The Treasury’s decision not to lower the headline rate of corporation tax has been criticised as ‘regrettable’ and ‘disappointing’ by a leading accountant.

Stephen Herring, senior tax partner at BDO UK, today hit out at a Budget that provided a number of boosts for small and medium-sized enterprises (SMEs) but left corporation tax at 28%.

He remarked that while the ‘substantial’ gap between the 18% rate of capital gains tax and the 50% top rate of income tax was a major cause for concern for taxpayers, it was ‘even more regrettable’ that the Chancellor had chosen not to address the ‘increasingly uncompetitive corporation tax rate… to ensure that global businesses view the UK as an acceptable location for branch activities.

‘The headline rate of corporation tax is almost invariably a significant factor in these decisions. Countries such as Ireland and most of central Europe have set their corporation tax rates below 20% to attract these businesses,’ said Mr Herring.

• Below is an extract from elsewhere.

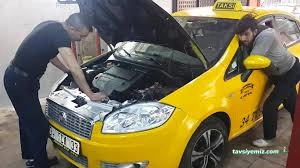 Zeki Oto Tamir & Bakım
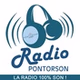 Radio Pontorson logo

He added that was ‘very disappointing that the Chancellor has missed an opportunity to announce a phased reduction in the level of corporation tax… Indeed, it is regrettable that he sought to make this a party political issue by contrasting his policy with that of the Conservative opposition.

Mr Herring welcomed today’s increase in the annual investment allowance (AIA) on capital expenditure for small businesses as ‘a modest boost’ for some SMEs, but claimed it was ‘no substitute for much-needed reform to the overly complex and onerous corporation tax system’.

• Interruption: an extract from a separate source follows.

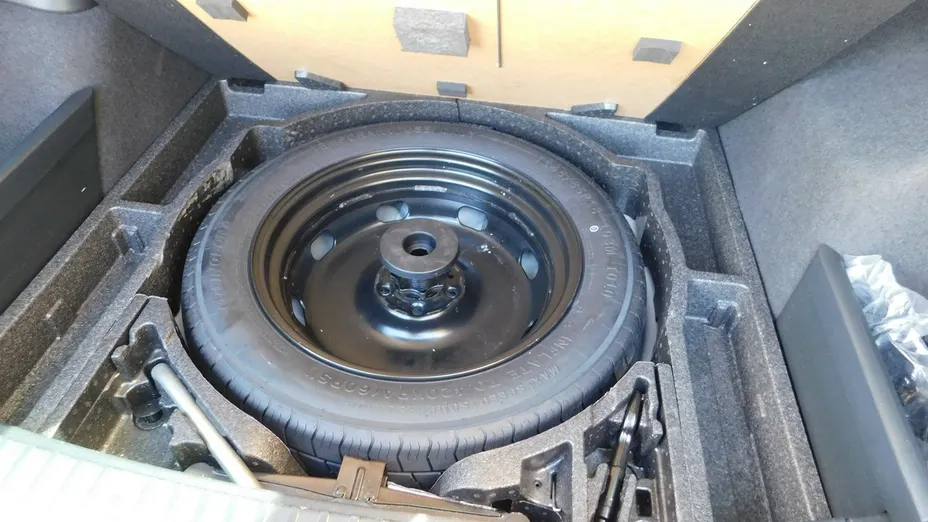 SKODA Kodiaq -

He continued: ‘To put this measure in context, [the doubling of AIA] will cost the Exchequer no more than £120 million each year, which amounts to little more than a rounding error in the overall Budget picture.

'As expected, there are also complex new anti-avoidance rules to restrict the use of this relief, which appear heavy-handed for an additional relief worth no more than £14,000 in tax terms.’